A thriller to make the hairs on the back of your neck stand up. A compulsive read that once started you can’t and won’t put down. Make sure you have n afternoon free or avery long train journey!
September 2009 Guest Editor Emily Barr on Little Face by SOPHIE HANNAH
I read this just after my daughter was born, and carried on reading all night, absolutely horrified at the story of a missing baby. Hannah’s books have a satisfyingly nasty streak and I have found every one of them utterly riveting and chilling. She is also adept at conjuring up an unexpected twist, which I know from experience is a lot less easy than it looks.
Alice's baby is two weeks old when she leaves the house without her for the first time. On her eager return, she finds the front door open, her husband asleep on their bed upstairs. She rushes into their baby's room and screams. 'This isn't our baby! Where's our baby?' Her increasingly hostile husband swears she must be either mad or lying, and the DNA test is going to take a week. One week later, before the test has been taken, Alice and the baby have disappeared. Run away, abducted, murdered? The police who dismissed her baby swap story must find out, and as they do they find dark incidents in David's past - like the murder of his ex-wife...

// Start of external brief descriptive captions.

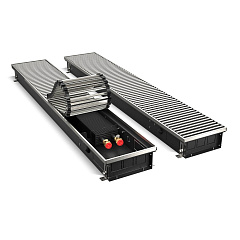 Внутрипольный конвектор с естественной конвекцией Royal Thermo 90/200/800-DG-U-NA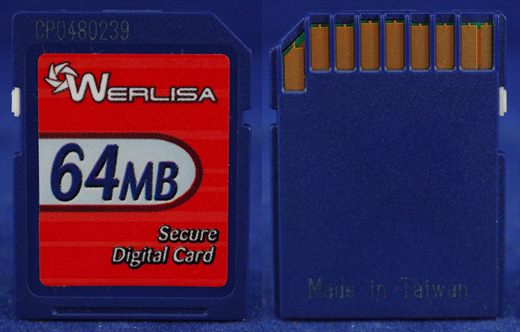 Werlisa SD 64Mb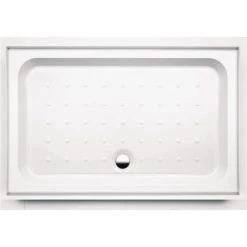 Coram Rectangular Shower Tray with Upstands & Waste - Various Size Options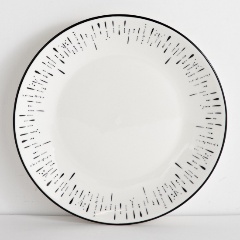 Изображение товара Тарелка ELRINGTON мелкая MILA SHANY 230 мм. (253-27017)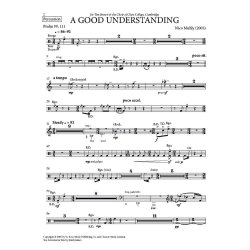 A Good Understanding : Percussion Part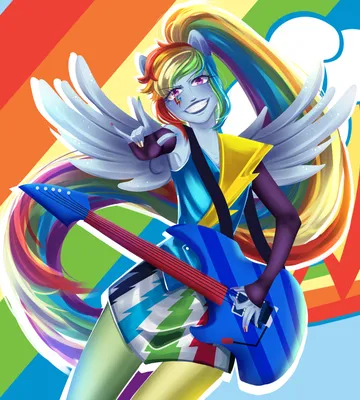 Rainbow Dash by Fensu - Dakimakura – Horseplay Toys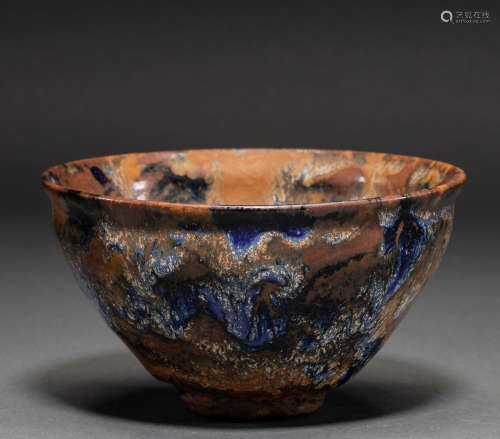Tea cups built in the Song Dynasty of China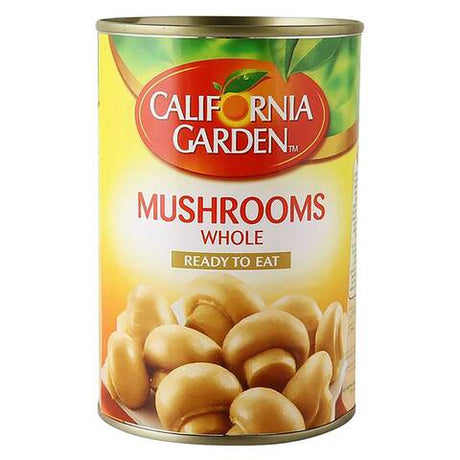 California Garden Whole Mushrooms 425g - 2kShopping.com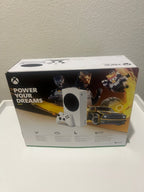 Microsoft Xbox Series S Gilded Hunter Bundle 512GB Game Console White NEW SEALED 9A79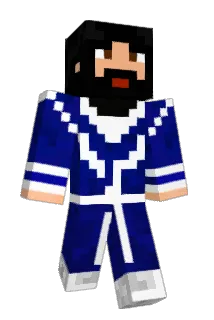 Babobbio Minecraft avatar full body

Sophie Hannah is a best-selling, award-winning poet. Her latest collection, First of the Last Chances, was chosen for the Poetry Book Society’s Next Generation promotion in June 2004. She regularly performs her poetry to live audiences nationwide and abroad, and recently won first prize in the Daphne Du Maurier Festival Short Story Competition for her psychological suspense story The Octopus Nest. Sophie lives in West Yorkshire with her husband and two children.